I bypassed the automated system and demanded to speak to the head pharmacist. When he finally got on the line, I aggressively questioned the dosage, ready to threaten a malpractice lawsuit for the error. The pharmacist tapped on his keyboard for a few moments, pulling up my grandfather’s extensive file.
“Ma’am, this wasn’t an error on our end,” he said, his customer-service tone dropping into something much more serious. “We changed the refill instructions and dosage exactly five months ago.” Five months ago. The exact timeline of when my grandfather started fading away. “Based on what?” I demanded, my voice trembling.
“His doctor didn’t authorize this!” “It was based on a direct request,” the pharmacist replied. “Let me look at the override notes.” There was a brief silence on the line that felt like an eternity. “Ah, here it is. A family member called. They identified themselves as his medical power-of-attorney, stated that the doctor had verbally recommended an increase due to high readings at home, and authorized the dosage increase to be filled immediately.” I stood frozen in the middle of the kitchen.
I stared out into the living room where my grandfather was dozing quietly in his armchair, his chest rising and falling in a shallow rhythm. I am my grandfather’s only power-of-attorney. A cold sweat broke out over my entire body. Someone in my family had intentionally impersonated me, lied to the pharmacy, and deliberately manipulated my grandfather’s medication to cause him physical harm.

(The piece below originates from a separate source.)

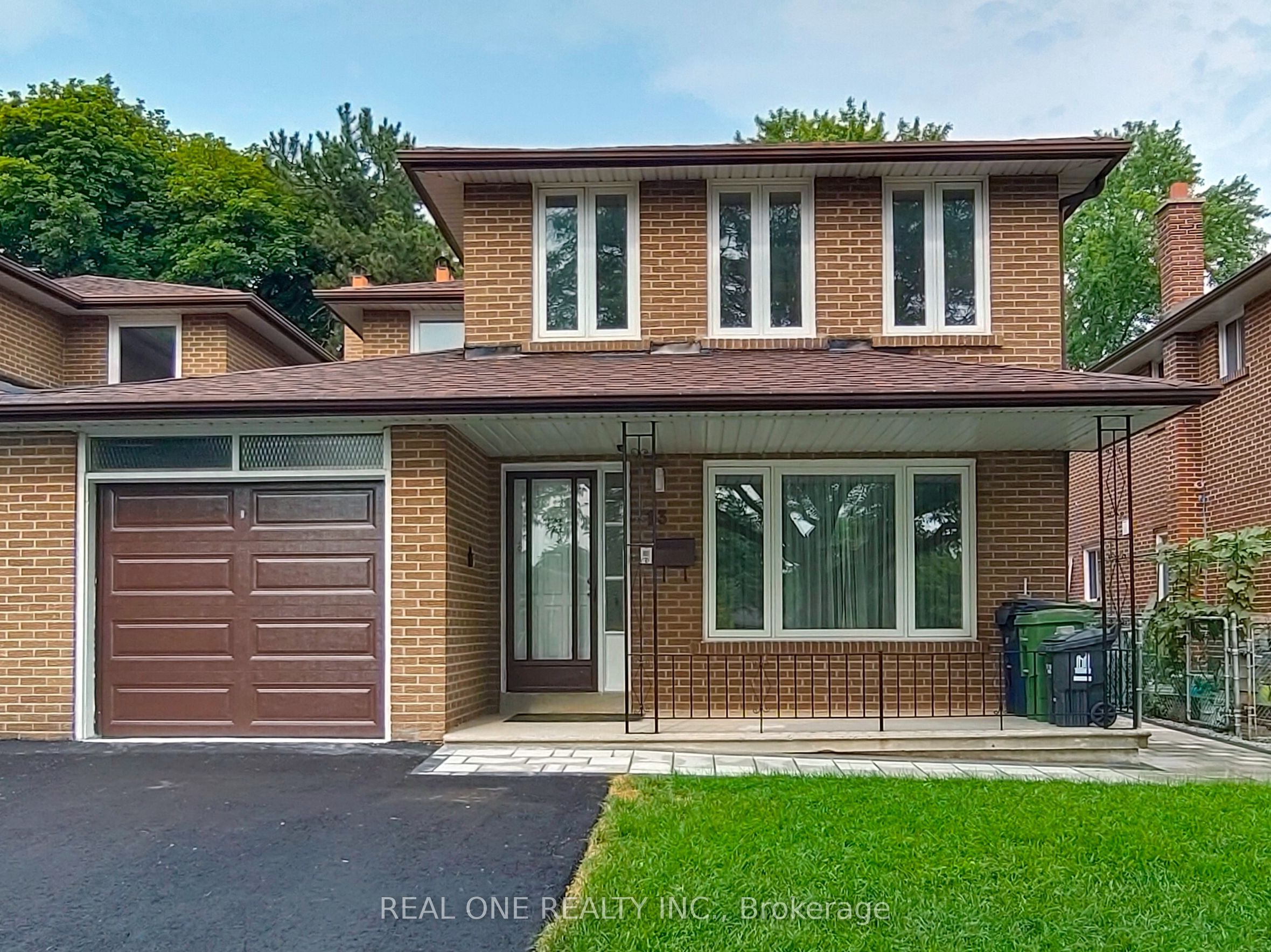 13 Mallaby Road, Toronto, ON M2H 1P3 photo 3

This wasn’t an accident. It was poisoning. I thanked the pharmacist, told him to immediately flag the account to only accept in-person authorizations from me going forward, and hung up. Brenda was looking at me, clearly realizing from my side of the conversation that something criminal had just occurred.
We immediately disposed of the extra pills, and she stayed for another hour to monitor his vitals, ensuring he was stable on his correct, lower dosage.

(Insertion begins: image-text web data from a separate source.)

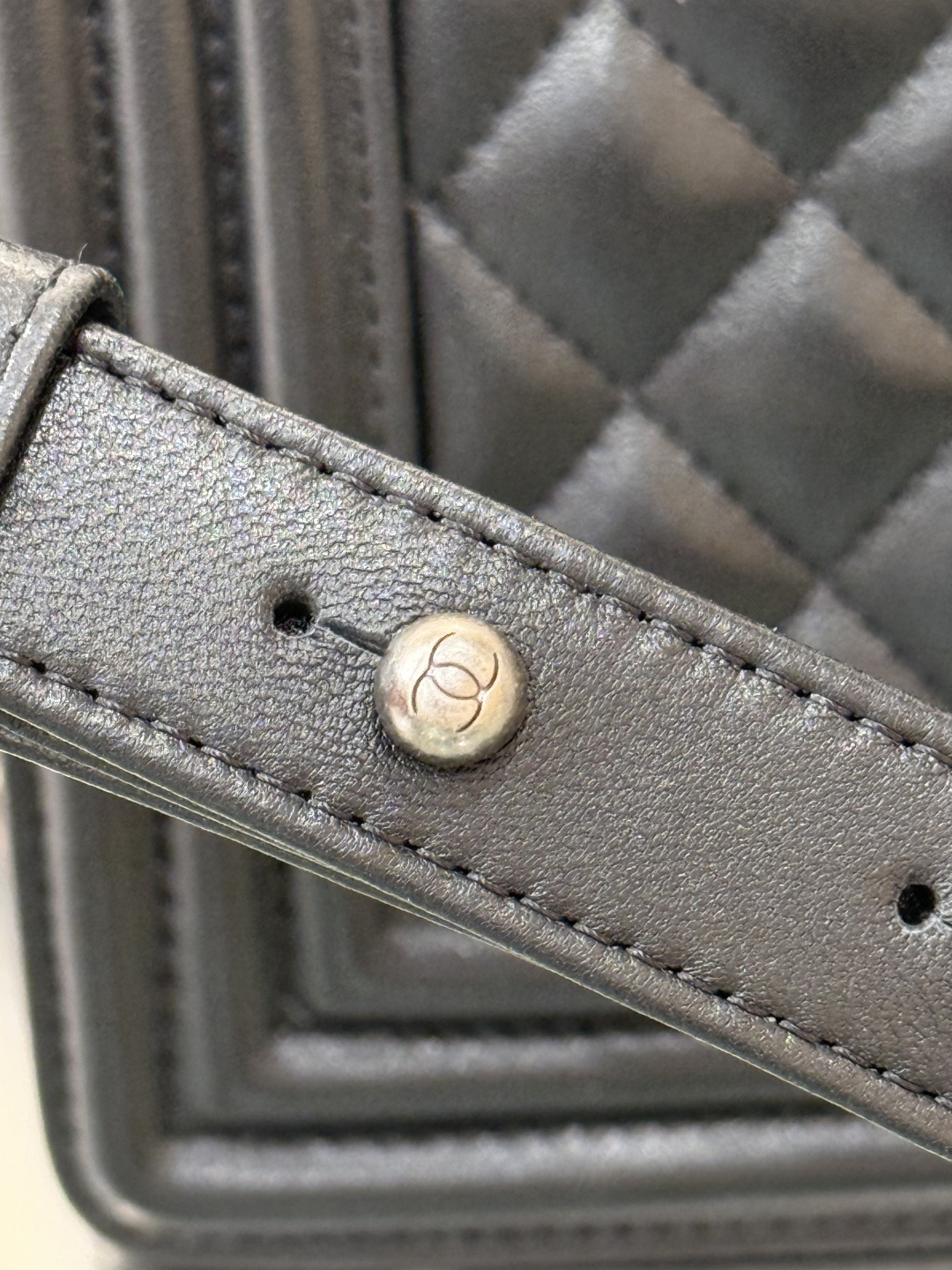 Medium Le Boy Flap Bag - Mocuir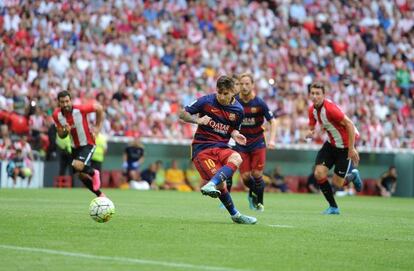 Messi pica un penal en el partit contra l'Athletic.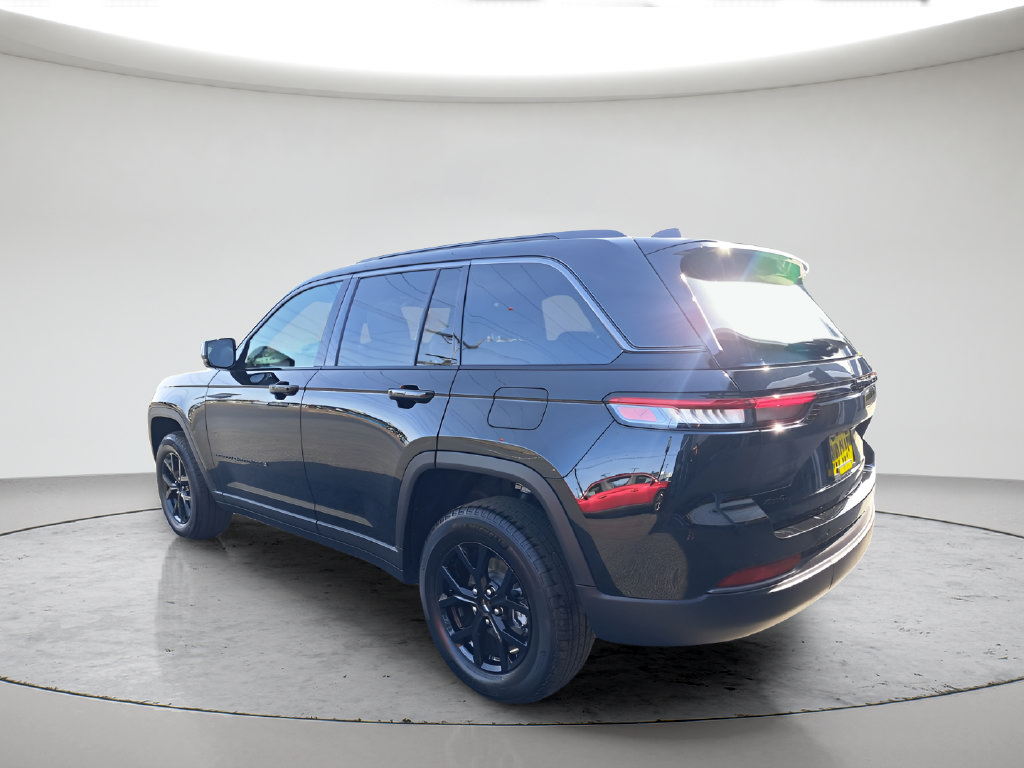 New 2026 Jeep Grand Cherokee Altitude AWD/4WD image 7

Once I knew he was medically safe, the terror morphed into a cold, calculated rage. I needed to know who made that call.
I had to secure the pharmacy records. I drove to the pharmacy in person the next morning with my legal power-of-attorney documents, my ID, and a terrifying mission. Because it was a medical issue involving potential elder abuse, the pharmacist was highly cooperative. He provided me with the exact date and time the phone call was made five months prior.
Armed with the date and time, I logged into my grandfather’s phone carrier account. I scoured his incoming call logs for that specific day. My grandfather still used a traditional landline that forwarded to his basic cell phone, and we had the records of every number that dialed in or out.
Right there, on the day in question, twenty minutes before the pharmacy logged their authorization call, was a twenty-five-minute phone call to my grandfather’s house. It was from my Aunt Marie. Marie is my father’s sister, my grandfather’s youngest daughter. She has always been the chaotic element in our family—constantly in debt, historically bitter about my grandfather’s decision to name me (his responsible granddaughter) as the executor of his estate and his PoA, and always hovering around looking for a handout.